Ропот, пробивавшийся еще в середине речи экскурсовода, под конец перешел в настоящую бурю криков, в которой едва удавалось выделить нечто определенное. 

— Это все религиозная пропаганда...
— ...оскорбление антирелигиозных чувств...
— Какое искусство, какая история, вы же...

Кто-то подскочил к одной из статуй и плюнул в нее, но промахнулся. Священник торопливо опустил руку в карман сутаны, нащупал пульт и нажал на кнопку вызова охраны.

— Покажем ему! — взвился вдруг пронзительный крик женщины с багровым лицом. — Покажем ему историю искусств!

Женщина бросилась к постаменту святой Лючии и попыталась качнуть его. Колонна устояла, но тогда женщина схватилась за саму статую. За­звенела сигнализация, но было ясно, что охрана не успеет.

Отец Войцех неожиданно успокоился и с хладнокровной аккуратностью расстегнул широкую пряжку своего кожаного пояса. 

Краснолицая подтаскивала изваяние к краю колонны, собираясь сбросить его на пол.

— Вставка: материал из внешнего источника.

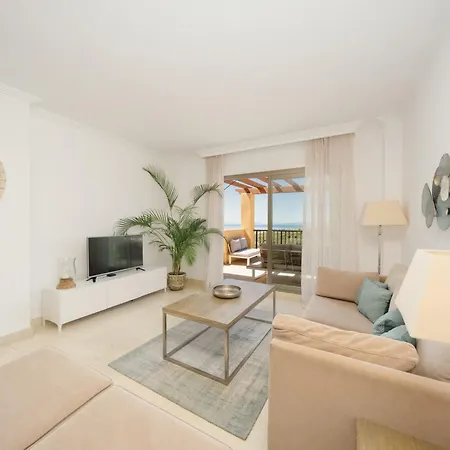 Penthouse With Stunning Sea&mountain Views In Benahavís Apartamento *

— Дом Мой, — произнес священник, хотя из-за криков его не мог слышать даже он сам, — домом молитвы наречется...

Ремень хлопнул так, что звенящее эхо взлетело под готические своды бывшего храма. Женщина заверещала, выпустила статую, бросилась прочь.

— ...а вы, — экскурсовод хлестнул еще, на сей раз целясь в старика, который, подхваченный волною безумия, срывал со стены картину, — сделали его вертепом разбойников...

Третий удар ремня священник направил в воздух, но туристы уже и так теснились к выходу. Появление двух охранников заставило их броситься в бегство, и вскоре зал опустел. Отец Войцех услышал крики в фойе: кажется, кто-то кричал на кассира, требуя вернуть деньги за входной билет.

Священник, застегивая ремень запоздало дрожащими от гнева и страха руками, подошел к картинам. Ближайшим было полотно «Изгнание торгующих из храма» Эль Греко. 

— Прости их, — пробормотал отец Войцех, глядя в расширенные праведным гневом глаза Спасителя. И вдруг испуганно, тревожно спросил: 
— Но ведь лучше так?.. Лучше, чем если бы невежество, агрессия, ханжество и вандализм творились бы во имя твое, Господи?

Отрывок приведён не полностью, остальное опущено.